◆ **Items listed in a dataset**
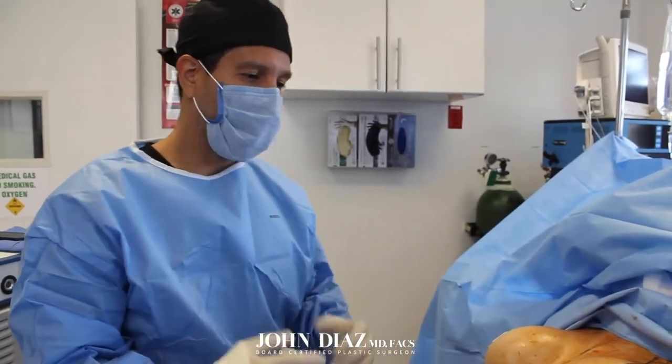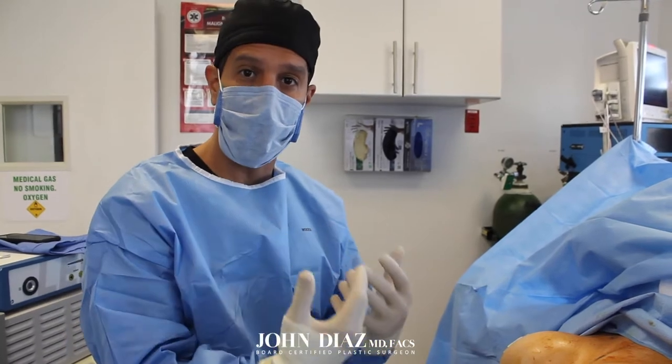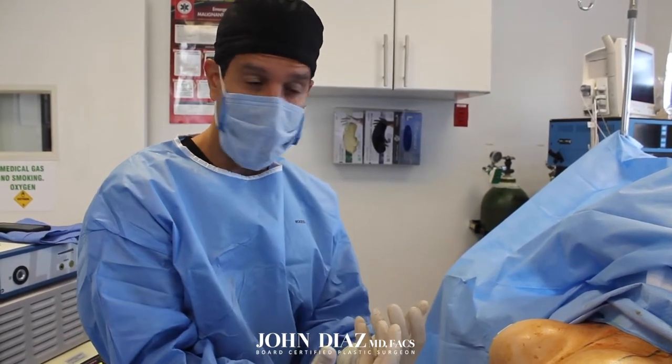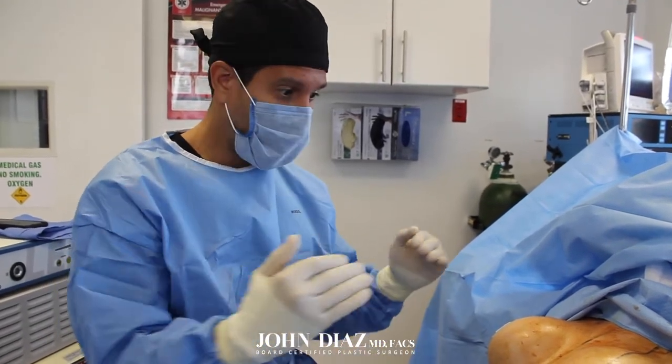So the plan is to go in, remove these implants, remove the scar tissue, restore her breast to a more natural and soft shape, and then insert new implants and do a lift in order to give her better symmetry.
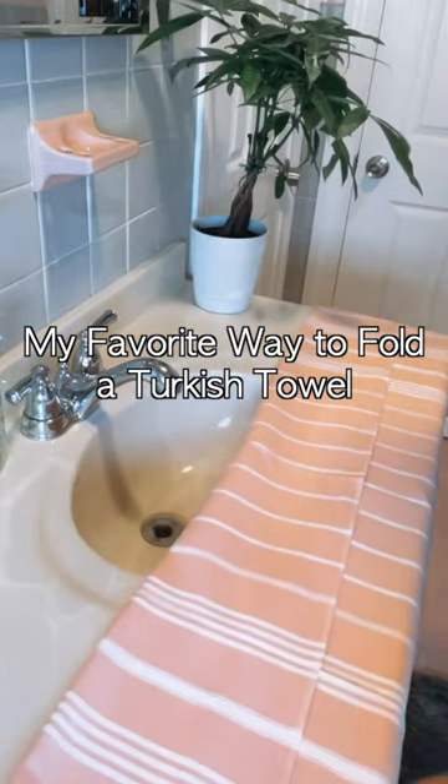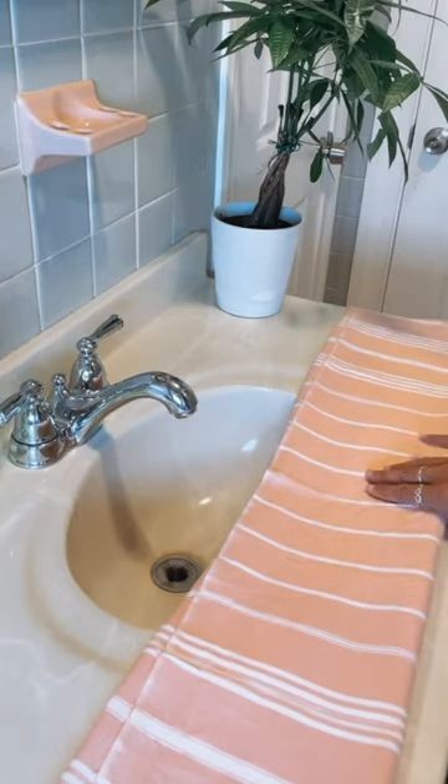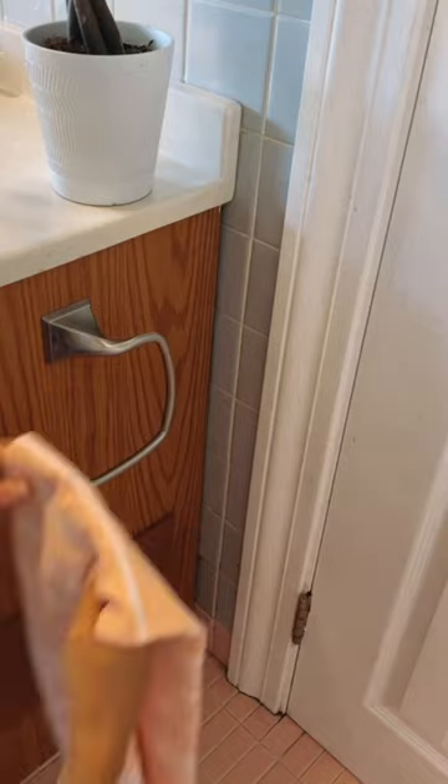This is my favorite way to fold a Turkish hand towel. First you're going to lay the towel flat before folding into even thirds. You'll then pick the towel up right from the center and hang that directly through the towel loop.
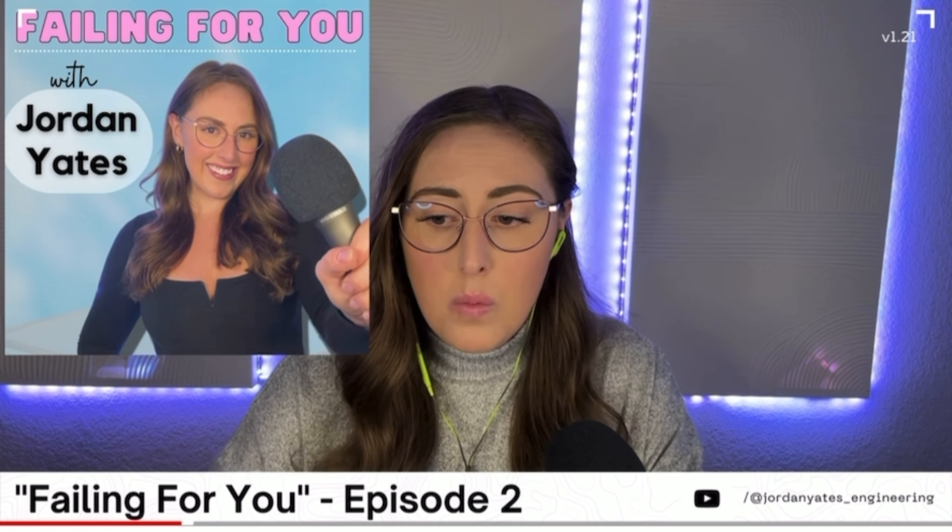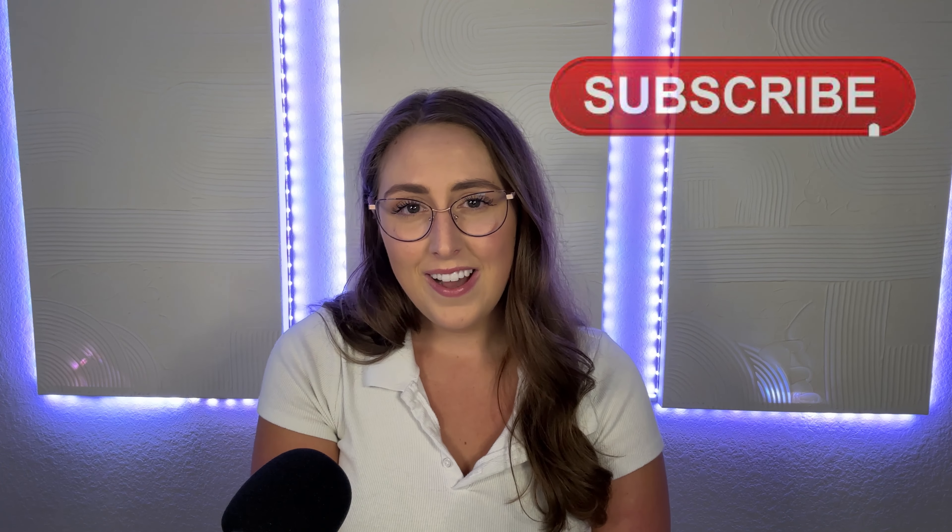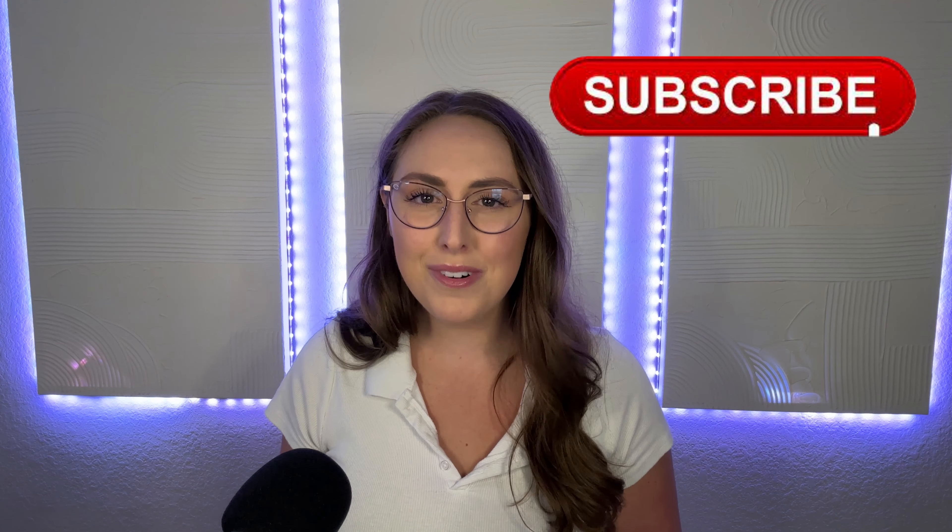Guess you'll have to subscribe and see. Something else I love doing is — I recently picked up the hobby of soldering. Soldering is really fun and can really be done by most people at any age. If you want to see what it's like to be a beginner in their soldering journey and maybe learn a few things from me, that's another reason to subscribe.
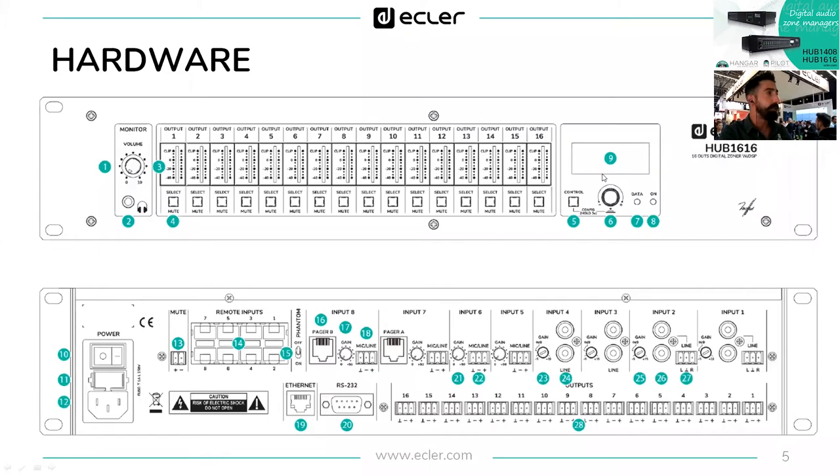Numbers five to nine are the control panel: five is the control button, six is the rotary control, seven and eight are LEDs for data status and on/off, and nine is an LCD screen. By pressing five and six simultaneously for three seconds, the screen will show the IP address of the device — this is where you start managing the device when connecting directly to its IP.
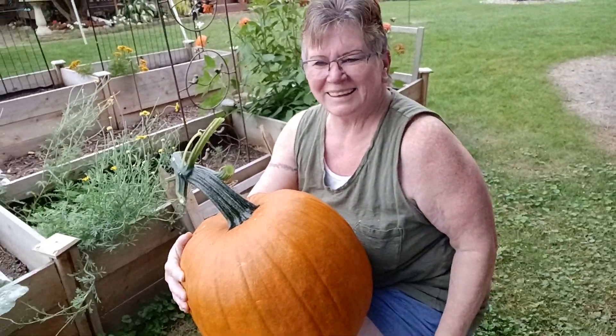Oh my gosh, it's so cool — our first pumpkin, our first Halloween decoration. Except we're not using it for Halloween. Well, we don't carve pumpkins, so. It'll be fun. Yay!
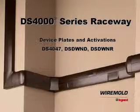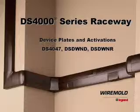In this video, we'll cover the variety of device plates available to customize your DS-4000 system to suit your needs. There are a wide range of device plates and activations available to accommodate almost any installation need.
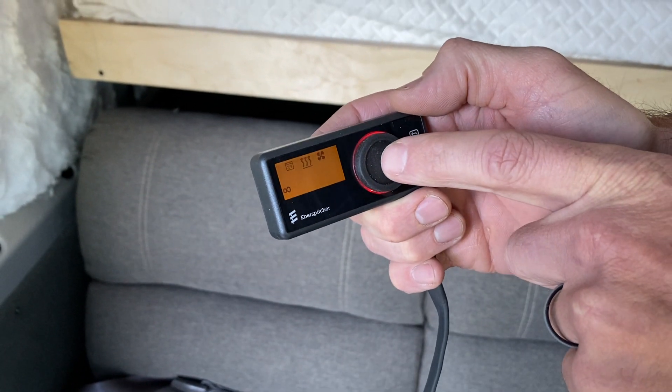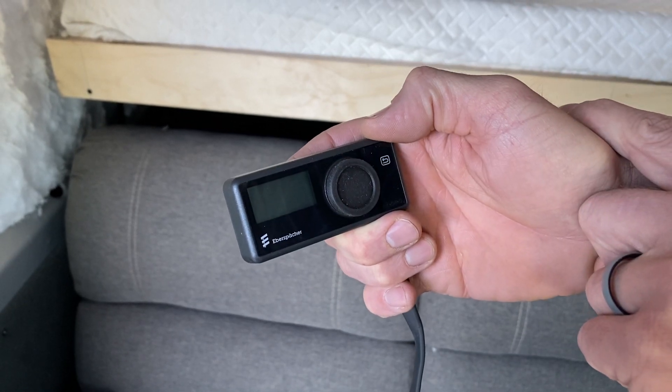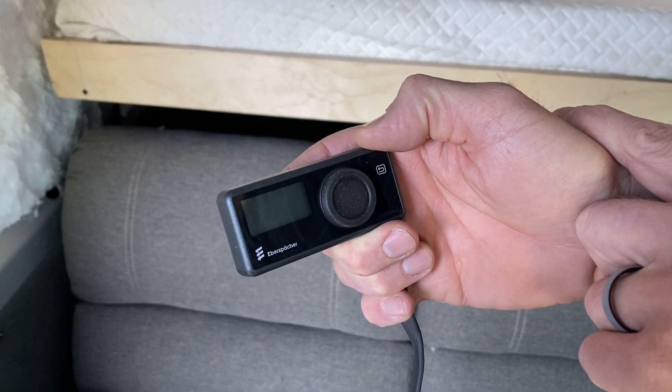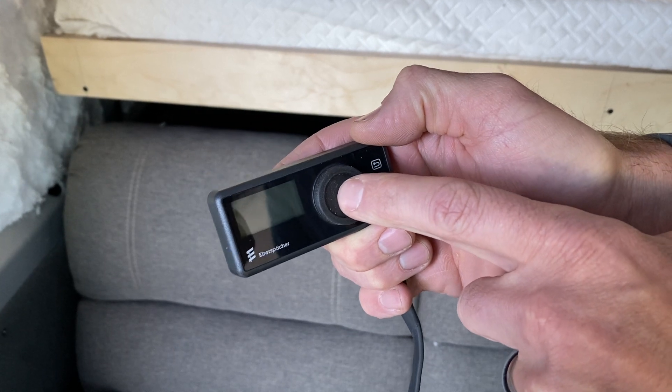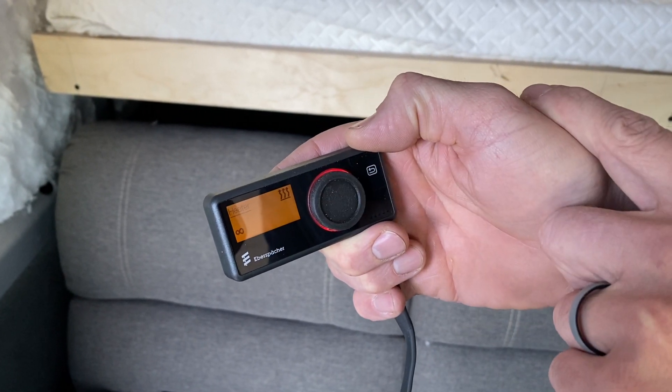To turn your heater off, you can simply long press the center of the dial, and you'll see that it'll turn the heater off. If you wanted to turn the heater back on to the last settings that you were using, you would long press the dial again, and it comes right back up to the last settings.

◆ **Instructions to follow**
From the line with "In this video, we'll" to the last line above, restate each line word for word, but skip the pictures.

◆ **Solution to the problem**
In this video, we'll cover the variety of device plates available to customize your DS-4000 system to suit your needs. There are a wide range of device plates and activations available to accommodate almost any installation need.
To turn your heater off, you can simply long press the center of the dial, and you'll see that it'll turn the heater off. If you wanted to turn the heater back on to the last settings that you were using, you would long press the dial again, and it comes right back up to the last settings.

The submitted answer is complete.